Because SELGEM was a general purpose data management system it was used for a wide range of applications at the Smithsonian Institution. Computer applications (using SELGEM) in the 1970s included: museum objects from National Museum of Natural History (NMNH), National Museum of American History (NMAH), National Air and Space Museum (NASM), art museums, the Smithsonian Institution Archives, Volcanoes of the World, bibliographic applications, systematic checklists, type-specimen catalogs, Catalog of American Portraits, National Portrait Gallery (NPG), Inventories of American Painting and Sculpture, and a list of threatened and endangered plants in the United States. Many of these pioneer applications continue today, having evolved into modern databases and web-based applications.
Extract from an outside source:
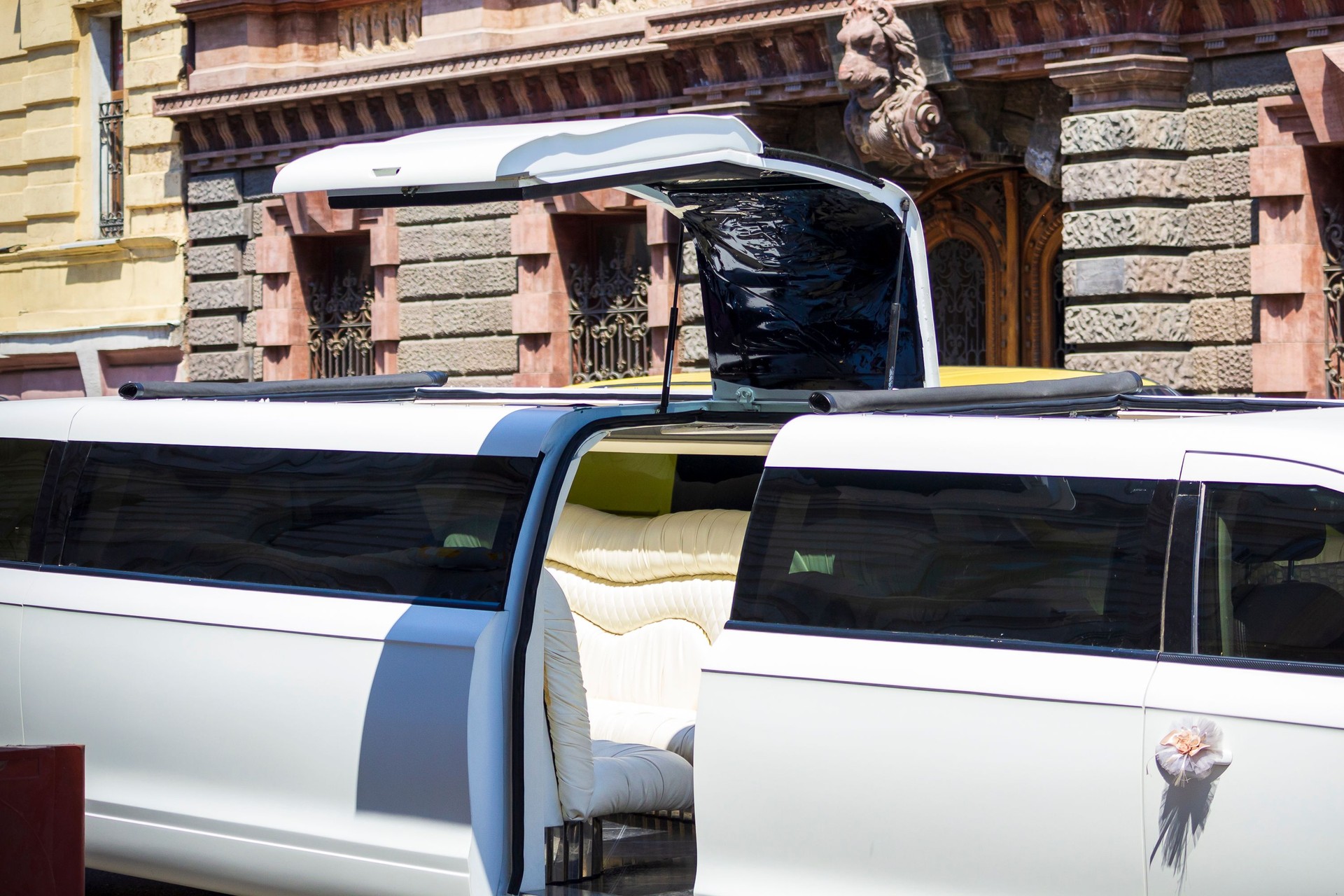 White limousine door open with light leather interior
SELGEM master file, directory record
Ayensu, Edward S. and Robert A. DeFilipps. 1978.  Endangered and threatened plants of the United States.  xv, 403 pages.  Smithsonian Institution, Washington, DC. 
Typically a SELGEM logical record was composed of from about 5 to 50 physical records (individual lines); maybe an occasional application included as many as a hundred. The Category Numbers could be any number between “001” and “999”. Each Category Number represented a data element. The first Category Number for a logical record was not required to begin with “001” and application owners generally provided gaps when assigning Category Numbers to create a more flexible design. However a Master List of records displayed Category Numbers, and the associated data, in numerical sequence.

The first line of a category always began with Line Number “01”. If the amount of data exceeded 64 characters, then continuation lines were created, and numbered sequentially “02”, “03”, etc. The theoretical maximum amount of data for one data element (or Category) was 99 lines x 64 characters or a maximum of 6,336 characters.
Sample SELGEM record, page III
Creighton, Reginald A., Penelope Packard, and Holley Linn.  1971.  SELGEM Retrieval:  a general description.  Smithsonian Institution Procedures in Computer Sciences, 1(1):(6 pages) + 1-38.Dated July 1972.
The theoretical maximum amount of data for one logical record was: 999 Category Numbers x 6,336 characters, for a total of 6,329,664 (or 6.3 megabytes). No application reached this size, let alone an individual record. In addition, individual SELGEM computer programs also had memory limits; which also limited the maximum size of a record that could be processed. Remember, even mainframe computers had some limitations.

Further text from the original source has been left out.